Question

graph the equation $y = -x^2 - 12x - 32$ on the accompanying set of axes. you must plot 5 points including the roots and the vertex. click to plot points. click points to delete them.

Explanation:

Step1: Find the roots (x-intercepts)

Set \( y = 0 \), so \( -x^2 - 12x - 32 = 0 \). Multiply both sides by -1: \( x^2 + 12x + 32 = 0 \). Factor: \( (x + 4)(x + 8) = 0 \). So roots are \( x = -4 \) and \( x = -8 \). Thus, points \((-4, 0)\) and \((-8, 0)\).

Step2: Find the vertex

For quadratic \( y = ax^2 + bx + c \), vertex x-coordinate is \( x = -\frac{b}{2a} \). Here, \( a = -1 \), \( b = -12 \). So \( x = -\frac{-12}{2(-1)} = -6 \). Plug \( x = -6 \) into equation: \( y = -(-6)^2 - 12(-6) - 32 = -36 + 72 - 32 = 4 \). Vertex is \((-6, 4)\).
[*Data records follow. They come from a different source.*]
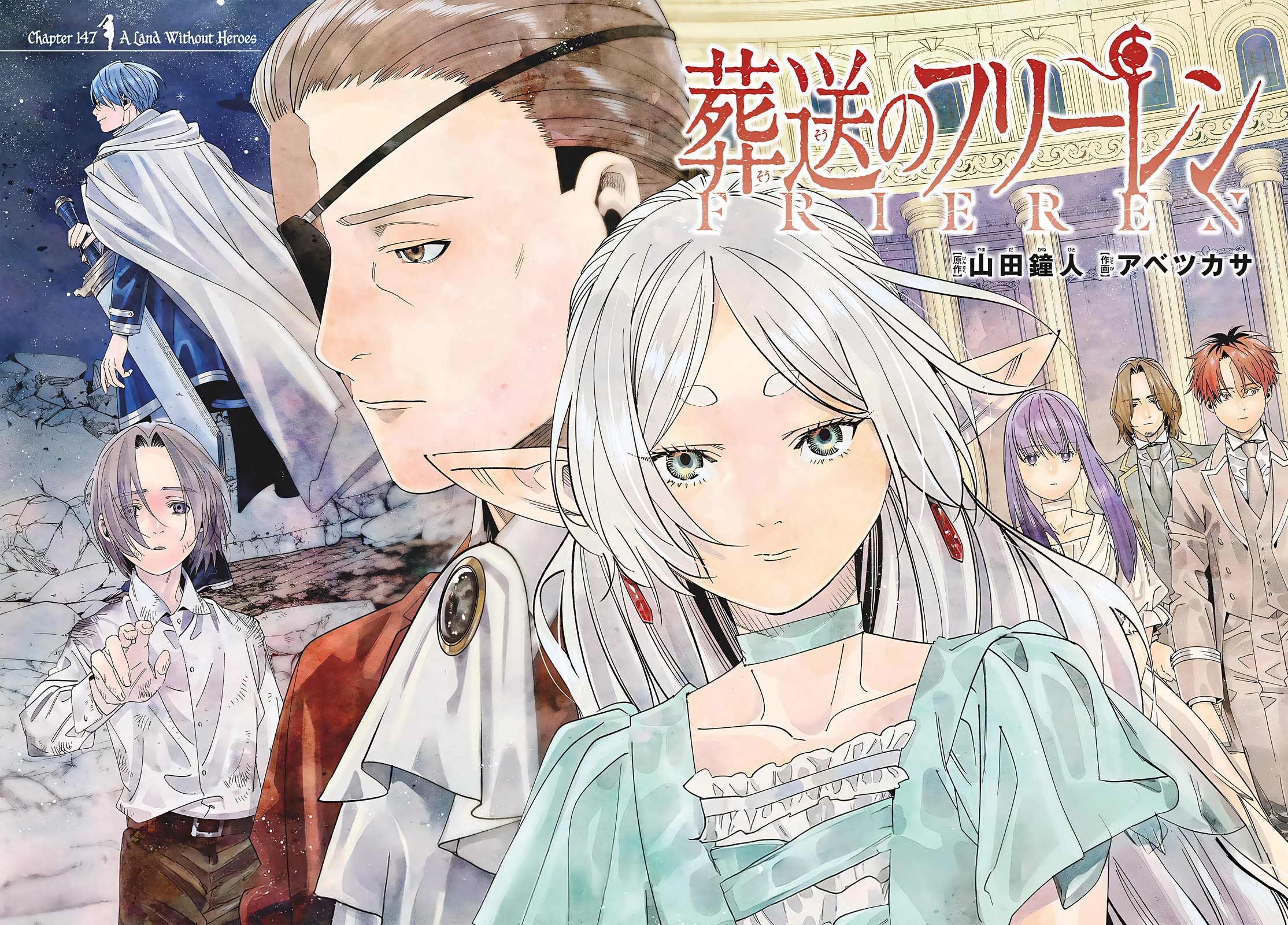Sousou no Frieren Chapter 147 - Page 1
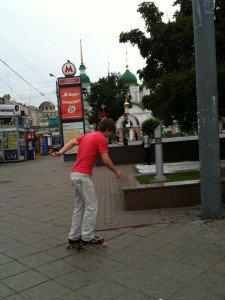 img_0232 img_0232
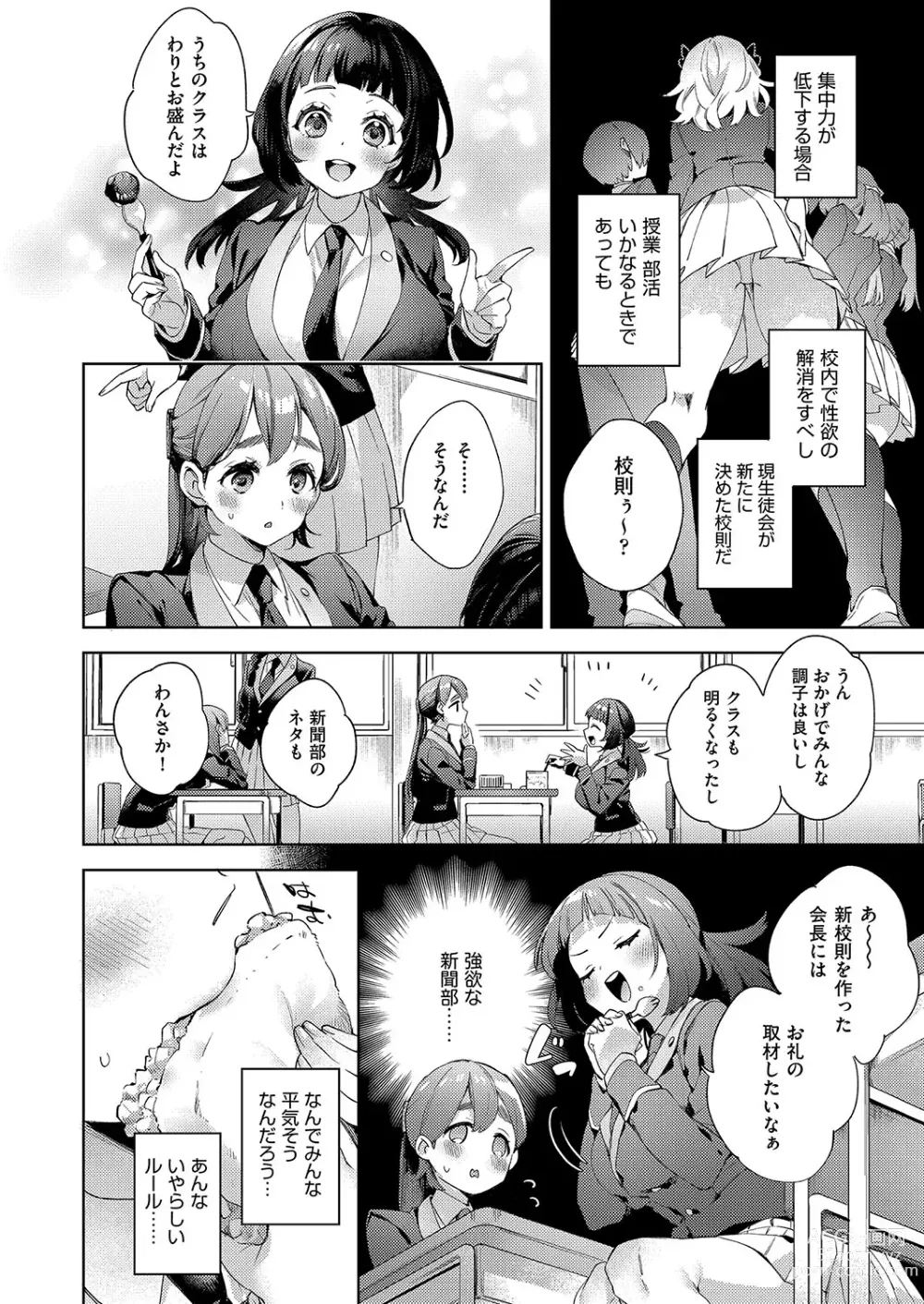 Page 9 of manga COMIC AUN 2023-08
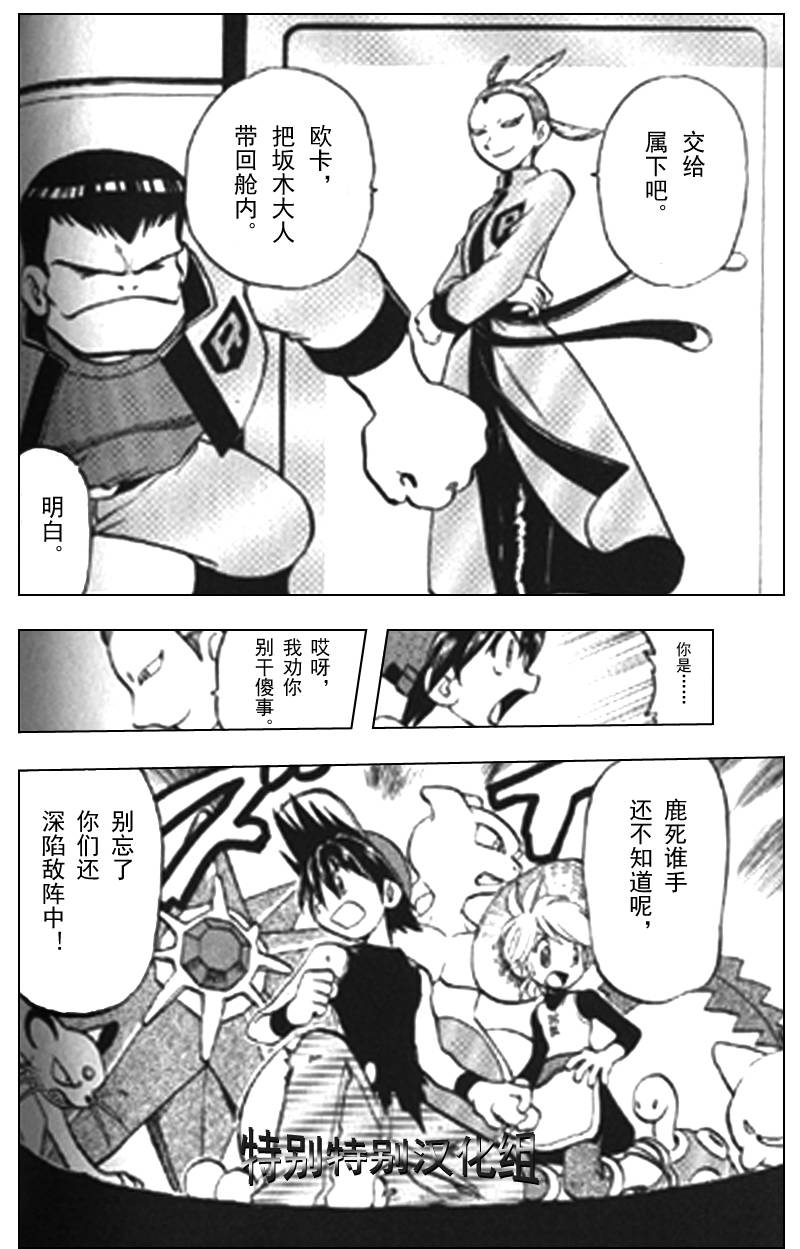 《神奇宝贝特别篇》漫画最新章节第296话免费下拉式在线观看章节第【4】张图片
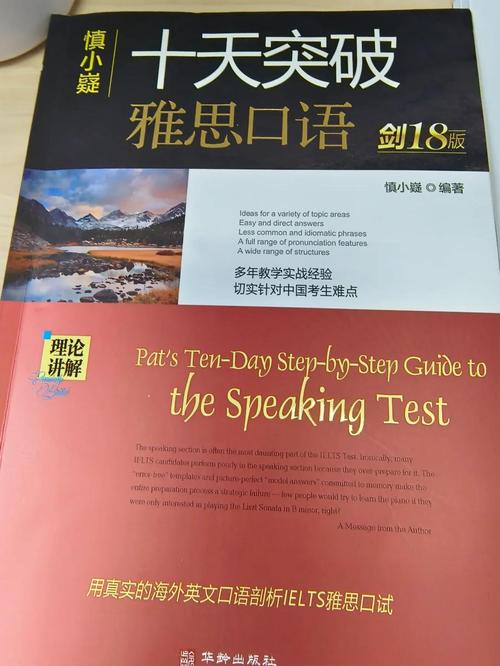 慎小嶷口语词汇，慎小嶷口语预测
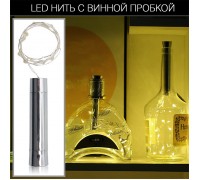 Led нить "Винная пробка"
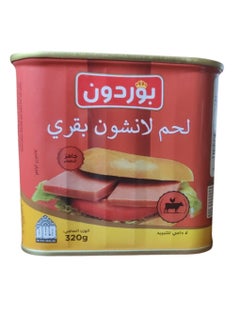 بوردون بوردون لانشون 320 جرام 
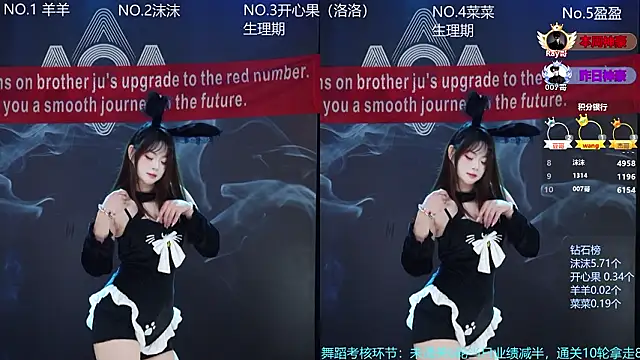 Snapshot of __AOA__ chatting on 02-09-26, 08:02 AOA online show from 02-09-26, 08:02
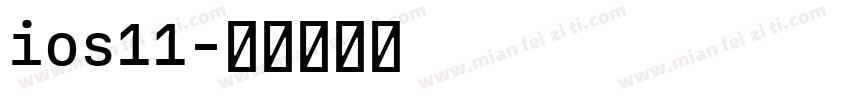 ios11字体转换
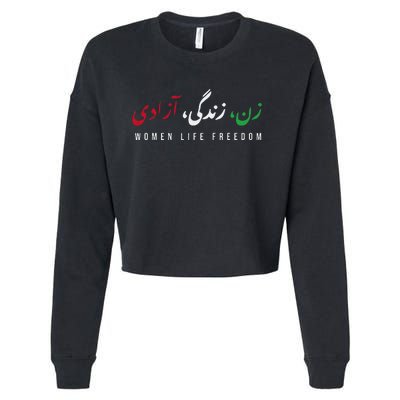 Zan Zendegi Azad Empower Support  Life Freedom Cropped Pullover Crew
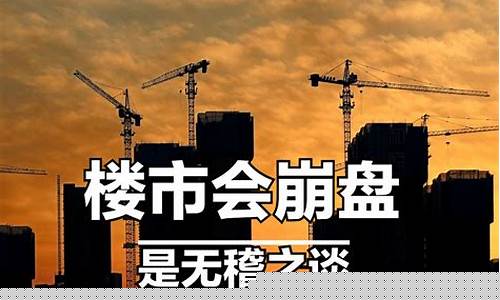大盘是不是要崩盘了_https://www.023hushi.com_新股申购_第1张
Step3: Find two more points

Choose \( x = -5 \): \( y = -(-5)^2 - 12(-5) - 32 = -25 + 60 - 32 = 3 \). Point \((-5, 3)\).

Choose \( x = -7 \): \( y = -(-7)^2 - 12(-7) - 32 = -49 + 84 - 32 = 3 \). Point \((-7, 3)\).

Answer:

Points to plot: \((-8, 0)\), \((-6, 4)\), \((-4, 0)\), \((-5, 3)\), \((-7, 3)\) (plot these on the axes).